Victorious, including 849 in its Carrier Air Group, took part in operations in support of the American invasion of Okinawa from March to May 1945, flying strikes against airfields used by Japanese Kamikaze aircraft on the Sakishima Islands and on Formosa. Still aboard Victorious, No. 849 took place in raids against the Japanese Home islands in July and August, including the bombing raids on 24 July that resulted in severe damage to the Japanese escort carrier Kaiyo. It disbanded on 31 October 1945.
Airborne Early Warning (1953-78)
The squadron reformed at Royal Naval Air Station (RNAS) Culdrose on 7 July 1953, being equipped with ex United States Navy Douglas Skyraider AD4W as an Airborne Early Warning unit, from 778 Naval Air Squadron. These were operated by squadron detachments assigned to the Royal Navy's aircraft carriers HMS Ark Royal, Bulwark, Eagle, Hermes and Victorious.
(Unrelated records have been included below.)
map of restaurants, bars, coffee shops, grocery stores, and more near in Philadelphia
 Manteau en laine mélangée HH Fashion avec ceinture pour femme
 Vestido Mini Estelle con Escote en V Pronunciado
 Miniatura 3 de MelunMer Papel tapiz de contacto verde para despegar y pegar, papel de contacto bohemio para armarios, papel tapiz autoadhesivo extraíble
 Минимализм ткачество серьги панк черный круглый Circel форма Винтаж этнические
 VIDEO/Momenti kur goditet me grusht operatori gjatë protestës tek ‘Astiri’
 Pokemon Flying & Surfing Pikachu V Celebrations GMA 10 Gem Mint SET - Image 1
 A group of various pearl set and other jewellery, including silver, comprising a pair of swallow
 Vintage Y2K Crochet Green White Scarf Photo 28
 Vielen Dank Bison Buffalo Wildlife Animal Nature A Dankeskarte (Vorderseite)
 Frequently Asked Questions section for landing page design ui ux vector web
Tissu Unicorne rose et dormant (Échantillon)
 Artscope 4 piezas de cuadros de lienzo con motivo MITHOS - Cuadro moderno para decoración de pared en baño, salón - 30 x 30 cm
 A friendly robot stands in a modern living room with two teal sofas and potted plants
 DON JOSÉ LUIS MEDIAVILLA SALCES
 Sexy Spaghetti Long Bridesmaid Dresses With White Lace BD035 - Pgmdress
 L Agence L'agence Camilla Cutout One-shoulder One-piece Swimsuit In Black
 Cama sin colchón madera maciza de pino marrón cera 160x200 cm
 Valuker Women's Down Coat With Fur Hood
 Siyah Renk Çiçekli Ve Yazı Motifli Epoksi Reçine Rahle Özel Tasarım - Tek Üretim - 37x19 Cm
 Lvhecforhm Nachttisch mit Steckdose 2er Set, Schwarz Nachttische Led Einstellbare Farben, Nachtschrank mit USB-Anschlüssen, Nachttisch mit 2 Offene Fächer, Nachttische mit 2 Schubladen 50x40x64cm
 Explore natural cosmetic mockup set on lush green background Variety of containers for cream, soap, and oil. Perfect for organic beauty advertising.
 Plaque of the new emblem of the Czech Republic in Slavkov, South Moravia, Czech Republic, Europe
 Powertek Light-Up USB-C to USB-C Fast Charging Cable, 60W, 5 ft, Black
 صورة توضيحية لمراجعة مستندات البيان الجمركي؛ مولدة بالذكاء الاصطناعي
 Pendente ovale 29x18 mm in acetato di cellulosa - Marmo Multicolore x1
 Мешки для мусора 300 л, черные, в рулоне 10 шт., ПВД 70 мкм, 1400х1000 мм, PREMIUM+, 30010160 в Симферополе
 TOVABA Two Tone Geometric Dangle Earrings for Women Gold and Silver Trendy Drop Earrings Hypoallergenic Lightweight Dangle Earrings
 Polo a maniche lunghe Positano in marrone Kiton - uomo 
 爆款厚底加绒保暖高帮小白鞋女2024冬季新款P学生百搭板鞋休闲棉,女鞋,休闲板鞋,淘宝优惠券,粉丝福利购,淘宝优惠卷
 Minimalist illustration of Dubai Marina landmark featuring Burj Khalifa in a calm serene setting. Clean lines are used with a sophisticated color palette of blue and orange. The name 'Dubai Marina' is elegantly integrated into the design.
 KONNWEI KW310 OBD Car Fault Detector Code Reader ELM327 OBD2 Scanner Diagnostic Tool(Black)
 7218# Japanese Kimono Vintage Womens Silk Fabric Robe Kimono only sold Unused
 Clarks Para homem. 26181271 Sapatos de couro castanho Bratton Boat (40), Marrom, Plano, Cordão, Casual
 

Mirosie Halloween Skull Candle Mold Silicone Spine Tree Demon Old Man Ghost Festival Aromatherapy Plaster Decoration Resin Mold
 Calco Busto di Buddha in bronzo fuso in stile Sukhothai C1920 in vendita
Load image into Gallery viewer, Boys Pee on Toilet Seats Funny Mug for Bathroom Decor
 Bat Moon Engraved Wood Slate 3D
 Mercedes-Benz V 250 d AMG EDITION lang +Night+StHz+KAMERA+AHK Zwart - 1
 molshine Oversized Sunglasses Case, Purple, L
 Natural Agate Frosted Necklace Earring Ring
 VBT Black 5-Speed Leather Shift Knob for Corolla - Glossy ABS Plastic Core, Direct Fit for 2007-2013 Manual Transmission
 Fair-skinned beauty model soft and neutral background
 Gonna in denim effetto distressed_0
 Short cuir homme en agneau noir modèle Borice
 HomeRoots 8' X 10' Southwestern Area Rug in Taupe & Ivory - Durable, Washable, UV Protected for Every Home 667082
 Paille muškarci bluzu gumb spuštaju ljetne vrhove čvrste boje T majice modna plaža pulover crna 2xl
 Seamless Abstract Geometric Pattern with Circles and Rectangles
Following the retirement of the Skyraiders in December 1960, the unit flew the Fairey Gannet AEW.3 in the same role, operating from HMS Eagle, Ark Royal, Centaur, Hermes and Victorious. Gannet AS.4, COD.4 and T.5s were also operated in supporting roles. The squadron detachments continued as 849B (Ark Royal) and 849HQ (RAF Lossiemouth), until the squadron disbanded again on 15 December 1978.
In November 1970 Bristol Belle, one of the first hot air balloons to fly in UK, was piloted by Lt Terry Adams, accompanied by Lt Howard Draper both of 849 Squadron B Flight (Gannets). This early morning launch carried mail into Malta whilst the Ark Royal was steaming off the southern coast of that island.
Helicopter AEW (1984 to 2018)
It reformed after the lessons of the 1982 South Atlantic campaign had been learned, on 8 November 1984 and the unit then operated the Westland Sea King Mk7 Airborne Surveillance and Control (ASaC) helicopter. The squadron was stationed at RNAS Culdrose in Cornwall, operating 9 aircraft. It was divided into three elements - two flights (A and B), or Aardvarks and Bees and the Operational Conversion Unit (OCU)(Previously known as HQ). Historically, a Flight was assigned to each of the two active aircraft carriers in the Royal Navy. The squadron suffered heavy losses during the 2003 invasion of Iraq when two of its aircraft operating from HMS Ark Royal collided during low visibility conditions. Six squadron members and an American exchange officer were killed in the collision.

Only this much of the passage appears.